色をくれた人

僕は、逃げ出したままだった。


「はー……さいあく」


いつもなら、数馬とあの公園で会っている時間。なのに僕は家で冷蔵庫に背を預けていた。


「僕の方がお兄さんなのに、どうしてこう、僕は、」


行動が餓鬼なんだろう。


「……」


ぼんやりと自宅の天井を見上げる。思い浮かぶのは数馬のことばかりで、僕はズクズクと痛む胸にまたため息を零した。


数馬に、僕は嘘をつかせていたんだろうか。


数馬が僕の絵を綺麗だと言ったのは、ぜんぶ。嘘だったんだろうか。


「………あー」


もう、ぐちゃぐちゃだ。


数馬のことを考えるだけで、どうしようもなく、泣きたくなる。



※※※


「数馬?」


「!」


ハッと我に返ると藤内が心配そうな表情で、僕の顔を覗き込んでいた。


「どうした?箸、全然進んでないけど」


「え、あー……」


視線を落とすと申し訳程度に箸のつけられたお弁当が写った。藤内はもう食べ終えて、パックの牛乳をすすっている。

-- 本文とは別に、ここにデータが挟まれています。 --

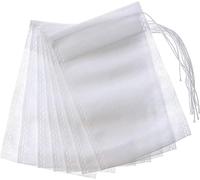 100 Pcs Cotton Muslin Drawstring Bags - Tea, Coffee & Infuser Bags - 20 x 25 CM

「今日はお弁当の日だから、ハンバーグ入れてもらうって楽しみにしてたのに、ハンバーグ一口も食べてないじゃないか」


「……うん、あはは。ほんとだ。食べなきゃね」


フォークを真っ黒なハンバーグに刺して、一口かじる。真っ黒はハンバーグは優しい味がした。本当はちゃんと、綺麗に焼けてるハンバーグなんだろうな。


「……数馬、なにかあったんじゃないか?」


「えっ?あ、えー?あはは、何でもないよ。元気元気」


「あのなぁ数馬、僕はお前と何年一緒にいると思ってるんだよ」


「えっと……」


「数馬、僕は待ってるからな」


藤内が牛乳のパックのストローを噛み、ちらりと僕に視線を寄越す。



「僕はいつか、お前がちゃんと話してくれるのを待ってる」


「!」


息が止まった。
僕は藤内を見つめてぱちぱちとまばたきする。藤内は素知らぬ顔で話題を無理やり元に戻した。


「で?なにがあったんだ、数馬」


「藤内……」


「ちょっとでも話せば、楽になるし、僕でも力になれることがあるかもしれないしな」


「……うん、僕、」


息を吸って僕は抱えてものを吐き出した。


「僕、要さんに、嫌われちゃった」


途端に涙が視界を歪める。
昨日あれだけ泣いたのに、涙はまだ止まらないのか。


「嘘、ついてて、それは要さんに嫌われたくなくてついてた嘘で、でも、嘘ついたことで、やっぱり要さんに嫌わちゃった」


「……」


「僕、もうあの公園に行けない。要さんに会えない」


「……好きなんだな、要さんのこと」


「っ……うん」


だって、だって、要さんは、僕の世界に色をくれた人だから。



黒、黒、白、黒、白、白


あれは黒で、あれは白。
僕は黒で、空は白で。


僕は生きているんだろうかと、思うようになっていた。だって僕の世界はまるで死んでいる。あの鳥だって、あの花だって。


鏡にうつる白黒の僕だって。
本当は死んでいるんじゃないかって。


「(この公園に、湖なんてあったんだ……)」


でも。


偶然迷い込んだ、見知った公園の奥にあった小さな湖。その近くの、ブランコの傍にあるベンチ。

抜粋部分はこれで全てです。